Dataset items:

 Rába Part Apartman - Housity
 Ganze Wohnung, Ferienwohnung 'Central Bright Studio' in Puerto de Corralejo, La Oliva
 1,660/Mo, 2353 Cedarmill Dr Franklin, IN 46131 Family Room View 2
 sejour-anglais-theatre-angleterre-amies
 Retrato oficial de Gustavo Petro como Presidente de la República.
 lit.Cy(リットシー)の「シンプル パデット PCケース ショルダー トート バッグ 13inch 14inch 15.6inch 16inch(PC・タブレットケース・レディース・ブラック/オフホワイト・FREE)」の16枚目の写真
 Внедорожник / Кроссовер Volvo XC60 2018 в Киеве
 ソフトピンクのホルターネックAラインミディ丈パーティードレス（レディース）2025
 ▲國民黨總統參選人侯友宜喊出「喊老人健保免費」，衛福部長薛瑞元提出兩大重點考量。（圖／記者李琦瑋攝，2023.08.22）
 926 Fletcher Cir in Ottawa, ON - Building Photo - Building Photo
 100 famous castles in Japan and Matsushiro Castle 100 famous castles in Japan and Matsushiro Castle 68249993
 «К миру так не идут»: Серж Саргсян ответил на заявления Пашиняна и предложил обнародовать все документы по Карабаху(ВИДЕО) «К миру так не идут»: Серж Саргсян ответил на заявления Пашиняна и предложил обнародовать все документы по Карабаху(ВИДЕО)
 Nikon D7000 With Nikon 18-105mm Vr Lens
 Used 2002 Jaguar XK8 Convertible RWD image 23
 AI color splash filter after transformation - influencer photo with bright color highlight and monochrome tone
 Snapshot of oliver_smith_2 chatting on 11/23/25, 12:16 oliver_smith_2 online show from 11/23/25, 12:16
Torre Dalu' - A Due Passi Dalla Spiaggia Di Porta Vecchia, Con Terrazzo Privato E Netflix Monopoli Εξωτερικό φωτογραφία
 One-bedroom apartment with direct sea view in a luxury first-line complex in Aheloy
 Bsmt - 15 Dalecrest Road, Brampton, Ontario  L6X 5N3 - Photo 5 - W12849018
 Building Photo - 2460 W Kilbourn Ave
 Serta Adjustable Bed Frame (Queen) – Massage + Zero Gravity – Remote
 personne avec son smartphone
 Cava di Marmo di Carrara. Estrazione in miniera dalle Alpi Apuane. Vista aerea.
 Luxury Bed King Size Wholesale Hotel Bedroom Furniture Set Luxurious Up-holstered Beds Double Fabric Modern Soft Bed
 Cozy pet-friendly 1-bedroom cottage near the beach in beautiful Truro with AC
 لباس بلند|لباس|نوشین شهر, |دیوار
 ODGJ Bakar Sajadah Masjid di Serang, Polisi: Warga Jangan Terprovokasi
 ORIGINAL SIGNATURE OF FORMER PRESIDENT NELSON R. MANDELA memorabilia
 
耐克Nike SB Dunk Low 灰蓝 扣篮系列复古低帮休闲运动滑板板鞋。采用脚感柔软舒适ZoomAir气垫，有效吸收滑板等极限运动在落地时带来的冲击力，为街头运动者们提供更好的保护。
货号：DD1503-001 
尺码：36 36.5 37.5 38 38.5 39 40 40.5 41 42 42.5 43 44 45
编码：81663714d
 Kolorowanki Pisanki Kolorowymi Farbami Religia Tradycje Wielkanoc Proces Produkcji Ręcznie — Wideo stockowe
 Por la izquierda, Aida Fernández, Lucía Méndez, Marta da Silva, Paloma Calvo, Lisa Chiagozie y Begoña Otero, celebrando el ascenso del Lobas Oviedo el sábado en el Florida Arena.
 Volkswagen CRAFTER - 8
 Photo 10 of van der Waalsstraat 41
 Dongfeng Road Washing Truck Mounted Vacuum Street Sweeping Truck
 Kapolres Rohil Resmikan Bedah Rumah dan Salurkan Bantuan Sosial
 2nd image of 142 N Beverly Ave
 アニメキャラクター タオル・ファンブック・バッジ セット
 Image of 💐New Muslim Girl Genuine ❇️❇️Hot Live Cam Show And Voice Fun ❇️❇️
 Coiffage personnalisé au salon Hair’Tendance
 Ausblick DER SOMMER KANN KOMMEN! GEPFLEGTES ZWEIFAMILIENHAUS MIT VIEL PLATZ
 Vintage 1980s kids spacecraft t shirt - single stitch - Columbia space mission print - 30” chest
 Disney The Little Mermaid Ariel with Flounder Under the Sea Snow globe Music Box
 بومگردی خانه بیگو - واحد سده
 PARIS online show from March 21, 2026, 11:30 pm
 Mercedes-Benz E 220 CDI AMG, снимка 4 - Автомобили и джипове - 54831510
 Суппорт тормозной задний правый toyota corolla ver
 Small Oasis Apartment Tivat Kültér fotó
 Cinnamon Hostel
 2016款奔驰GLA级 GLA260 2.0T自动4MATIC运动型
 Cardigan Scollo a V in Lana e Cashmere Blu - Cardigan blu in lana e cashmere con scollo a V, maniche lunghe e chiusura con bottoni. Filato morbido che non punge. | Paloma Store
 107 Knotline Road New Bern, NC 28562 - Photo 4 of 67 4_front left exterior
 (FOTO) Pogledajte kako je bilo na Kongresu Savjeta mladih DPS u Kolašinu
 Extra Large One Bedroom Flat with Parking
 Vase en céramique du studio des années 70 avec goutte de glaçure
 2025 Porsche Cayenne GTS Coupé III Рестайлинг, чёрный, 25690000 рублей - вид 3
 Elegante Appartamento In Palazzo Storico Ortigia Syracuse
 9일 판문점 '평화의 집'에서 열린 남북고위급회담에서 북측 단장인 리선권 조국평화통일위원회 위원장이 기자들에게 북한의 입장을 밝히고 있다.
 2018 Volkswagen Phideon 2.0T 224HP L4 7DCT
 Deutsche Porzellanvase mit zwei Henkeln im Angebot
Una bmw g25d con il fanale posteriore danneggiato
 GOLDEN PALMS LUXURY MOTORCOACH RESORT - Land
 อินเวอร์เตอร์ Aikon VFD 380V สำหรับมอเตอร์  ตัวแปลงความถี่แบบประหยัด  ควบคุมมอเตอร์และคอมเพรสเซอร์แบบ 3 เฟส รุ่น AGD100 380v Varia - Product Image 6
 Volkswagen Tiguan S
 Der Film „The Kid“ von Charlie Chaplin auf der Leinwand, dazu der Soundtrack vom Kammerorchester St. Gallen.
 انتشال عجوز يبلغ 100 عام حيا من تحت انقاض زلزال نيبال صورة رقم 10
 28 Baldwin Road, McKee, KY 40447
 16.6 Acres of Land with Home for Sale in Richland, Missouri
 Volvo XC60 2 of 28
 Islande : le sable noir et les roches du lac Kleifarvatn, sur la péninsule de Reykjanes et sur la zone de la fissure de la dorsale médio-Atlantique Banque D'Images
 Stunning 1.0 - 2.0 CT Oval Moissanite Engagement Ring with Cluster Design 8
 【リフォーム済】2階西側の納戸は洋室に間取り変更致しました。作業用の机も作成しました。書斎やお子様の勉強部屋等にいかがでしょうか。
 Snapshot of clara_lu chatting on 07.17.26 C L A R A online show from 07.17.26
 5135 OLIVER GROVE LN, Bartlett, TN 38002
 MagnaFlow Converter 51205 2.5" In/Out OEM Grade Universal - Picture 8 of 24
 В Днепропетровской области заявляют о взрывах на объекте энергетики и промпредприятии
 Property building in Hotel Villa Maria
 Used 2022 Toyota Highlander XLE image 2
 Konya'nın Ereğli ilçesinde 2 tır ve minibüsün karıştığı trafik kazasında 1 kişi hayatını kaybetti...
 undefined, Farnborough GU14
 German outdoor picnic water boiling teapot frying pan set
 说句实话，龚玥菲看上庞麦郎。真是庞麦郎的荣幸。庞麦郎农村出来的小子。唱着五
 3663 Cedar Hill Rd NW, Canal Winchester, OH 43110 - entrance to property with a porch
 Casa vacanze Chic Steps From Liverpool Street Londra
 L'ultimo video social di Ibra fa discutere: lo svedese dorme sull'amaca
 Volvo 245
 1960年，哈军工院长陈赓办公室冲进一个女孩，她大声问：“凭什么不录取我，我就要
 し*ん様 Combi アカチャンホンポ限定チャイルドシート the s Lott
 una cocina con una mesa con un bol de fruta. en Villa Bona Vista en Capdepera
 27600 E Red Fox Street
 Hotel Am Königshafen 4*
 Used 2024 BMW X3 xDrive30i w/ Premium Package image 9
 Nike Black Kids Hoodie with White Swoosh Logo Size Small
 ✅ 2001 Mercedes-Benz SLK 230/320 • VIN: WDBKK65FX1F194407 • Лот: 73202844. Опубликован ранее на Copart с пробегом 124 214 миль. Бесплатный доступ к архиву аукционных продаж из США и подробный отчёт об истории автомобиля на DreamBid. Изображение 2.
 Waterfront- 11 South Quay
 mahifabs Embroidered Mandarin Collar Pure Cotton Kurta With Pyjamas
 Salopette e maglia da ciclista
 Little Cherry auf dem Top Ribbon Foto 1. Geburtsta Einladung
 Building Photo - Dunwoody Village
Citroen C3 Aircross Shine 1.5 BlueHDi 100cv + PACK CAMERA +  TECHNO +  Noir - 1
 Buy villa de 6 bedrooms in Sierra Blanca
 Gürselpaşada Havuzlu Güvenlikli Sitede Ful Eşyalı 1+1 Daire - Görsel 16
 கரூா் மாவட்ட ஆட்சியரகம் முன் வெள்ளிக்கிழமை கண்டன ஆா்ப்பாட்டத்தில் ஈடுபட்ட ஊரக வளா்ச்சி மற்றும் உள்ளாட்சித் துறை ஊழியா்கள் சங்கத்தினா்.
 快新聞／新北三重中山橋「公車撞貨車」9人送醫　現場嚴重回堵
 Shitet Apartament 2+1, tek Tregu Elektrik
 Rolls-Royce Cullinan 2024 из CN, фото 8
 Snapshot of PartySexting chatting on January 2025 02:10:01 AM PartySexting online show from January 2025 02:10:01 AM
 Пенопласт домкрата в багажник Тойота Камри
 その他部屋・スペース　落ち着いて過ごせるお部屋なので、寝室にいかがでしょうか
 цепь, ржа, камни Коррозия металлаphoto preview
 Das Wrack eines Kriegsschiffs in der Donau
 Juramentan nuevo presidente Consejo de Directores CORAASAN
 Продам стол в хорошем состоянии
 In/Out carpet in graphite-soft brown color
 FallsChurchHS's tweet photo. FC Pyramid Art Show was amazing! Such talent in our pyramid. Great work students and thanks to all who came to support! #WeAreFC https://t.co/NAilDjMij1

## Directions for this task
The stretch of entries above that starts with the line containing "Cardigan Scollo a" and goes on through the line containing "107 Knotline Road" is to be transcribed exactly, and no other line is to be transcribed.

## Written answer
 Cardigan Scollo a V in Lana e Cashmere Blu - Cardigan blu in lana e cashmere con scollo a V, maniche lunghe e chiusura con bottoni. Filato morbido che non punge. | Paloma Store
 107 Knotline Road New Bern, NC 28562 - Photo 4 of 67 4_front left exterior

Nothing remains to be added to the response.